Penandatanganan nota kesepakatan antara Pemkab Bulungan dan BPN tersebut dilaksanakan di Ruang Rapat Bupati Bulungan, Jumat (27/2/2026), disaksikan para staf ahli, Asisten Administrasi Umum, Asisten Tata Pemerintahan, serta sejumlah pejabat di lingkungan Pemkab Bulungan.
Bupati Bulungan, Syarwani, menyampaikan apresiasi kepada Kepala Kantor BPN Bulungan atas inisiatif dan percepatan sehingga kerja sama tersebut dapat direalisasikan.
“Pemda Bulungan berterima kasih kepada BPN/ATR Bulungan yang sudah bekerja keras sehingga terwujudnya kerja sama kita pada hari ini,” ujar Syarwani.
Menurutnya, kolaborasi dan sinergi tersebut akan memperkuat validasi serta akurasi data pajak daerah, khususnya PBB-P2 dan Bea Perolehan Hak atas Tanah dan Bangunan (BPHTB), yang selama ini menjadi salah satu sektor unggulan dalam mendorong Pendapatan Asli Daerah (PAD).
Syarwani menjelaskan, kerja sama ini difokuskan pada pengintegrasian data wajib pajak dengan data pertanahan berbasis Nomor Induk Bidang (NIB) dan Nomor Induk Kependudukan (NIK). Dengan demikian, data Surat Pemberitahuan Pajak Terutang (SPPT) yang diterbitkan pemerintah daerah akan selaras dengan data kepemilikan tanah yang tercatat di BPN.
“Validasi data ini sangat penting untuk memastikan dan mengetahui wajib pajak, khususnya yang berkaitan dengan Pajak Bumi dan Bangunan.

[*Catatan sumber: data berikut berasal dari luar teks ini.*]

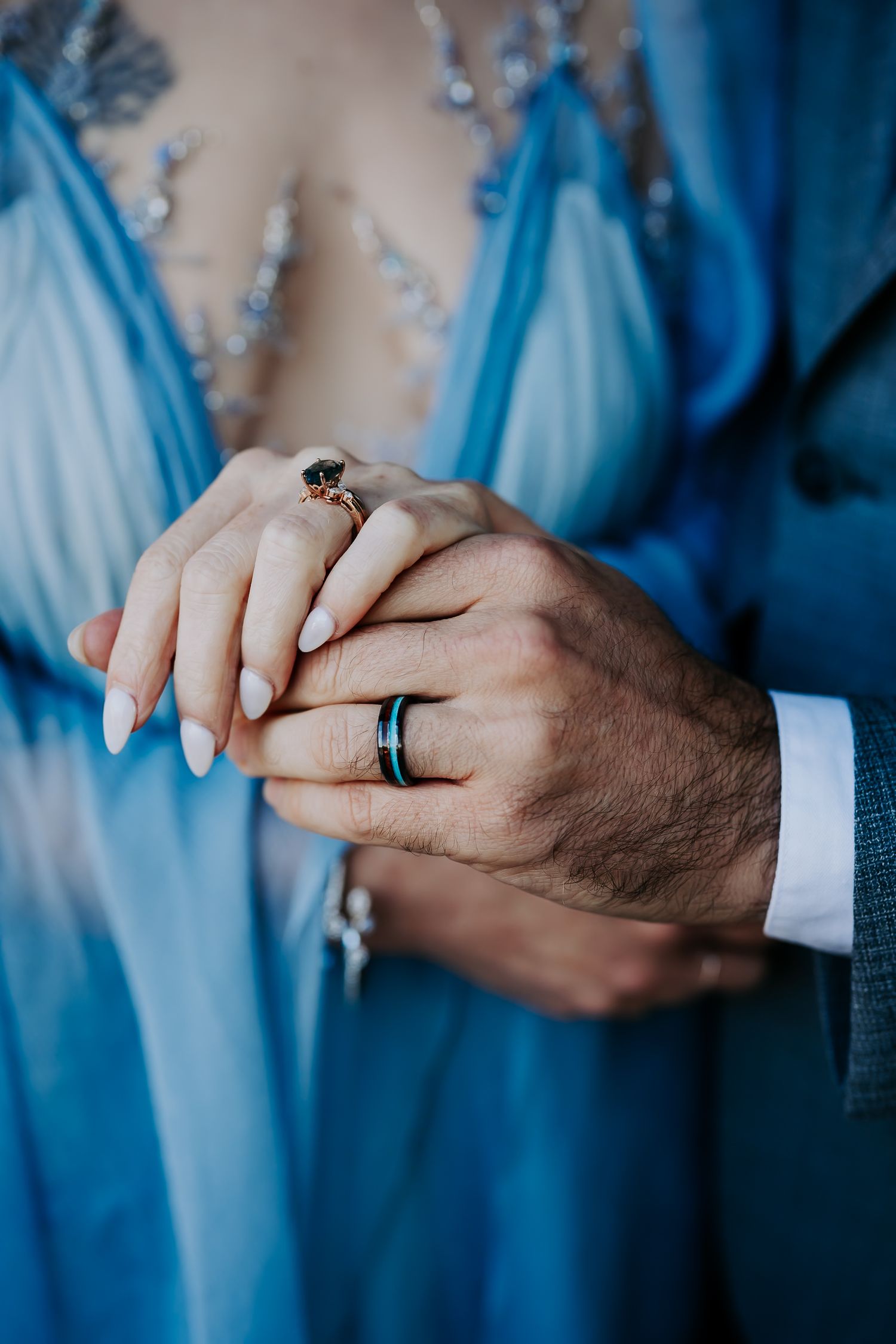 Close-up sequence of hands showing black wedding bands against a blue background during a romantic moment.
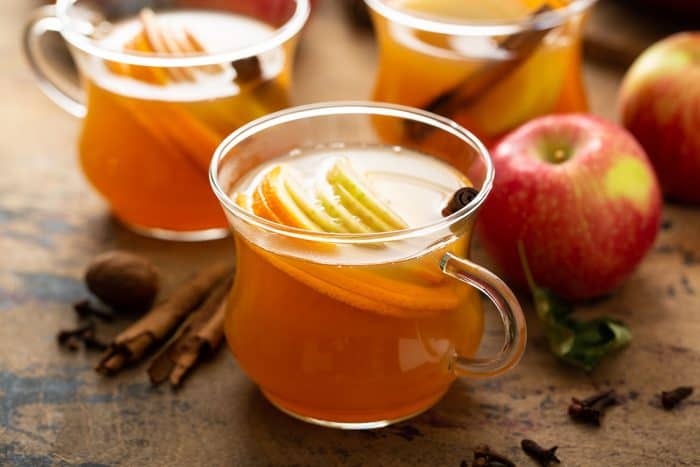 Mug of wassail with apples, cinnamon sticks, and two more mugs of wassail in the background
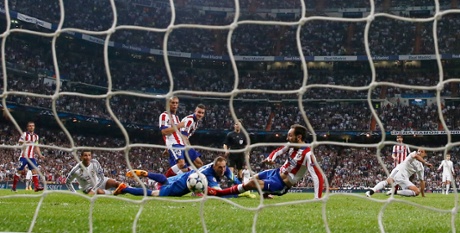 Javier Hernandez, right, sweeps the ball home to give Real the lead in the dying stages ...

Kita ingin tidak ada lagi kesalahan dalam nama kepemilikan sertifikat maupun bidang tanah,” tegasnya.
Ia menambahkan, penguatan basis data tersebut juga didukung oleh program Pendaftaran Tanah Sistematis Lengkap (PTSL) yang telah berjalan di Bulungan sejak 2017. Melalui program nasional tersebut, sertifikasi bidang tanah di Bulungan dinilai sudah semakin kuat dan akurat.
Program PTSL sendiri merupakan salah satu program prioritas nasional yang diluncurkan pada masa pemerintahan Presiden Joko Widodo, dan penyerahan sertifikat tanah di Bulungan pernah dilakukan langsung oleh Presiden pada 2017 lalu.
“Data yang dikeluarkan BPN sekarang sudah berbasis digital, dilengkapi titik koordinat yang lebih akurat dan komprehensif. Ini tentu jauh lebih baik dibanding produk sertifikat sebelumnya,” jelas Syarwani.
Dengan sistem berbasis digital tersebut, lanjutnya, prinsip “satu bidang satu nama” dapat diterapkan secara lebih tertib. Meski demikian, seseorang tetap dimungkinkan memiliki lebih dari satu bidang tanah, sepanjang masing-masing bidang tercatat secara jelas dan terpisah sesuai lokasi serta dokumen kepemilikannya.
Selain meningkatkan akurasi pajak, integrasi data ini juga diharapkan mampu meminimalisir potensi konflik pertanahan di masyarakat. Pemkab Bulungan optimistis, penyelarasan data pertanahan dan perpajakan akan memberikan kepastian hukum sekaligus meningkatkan optimalisasi penerimaan daerah.***(RM)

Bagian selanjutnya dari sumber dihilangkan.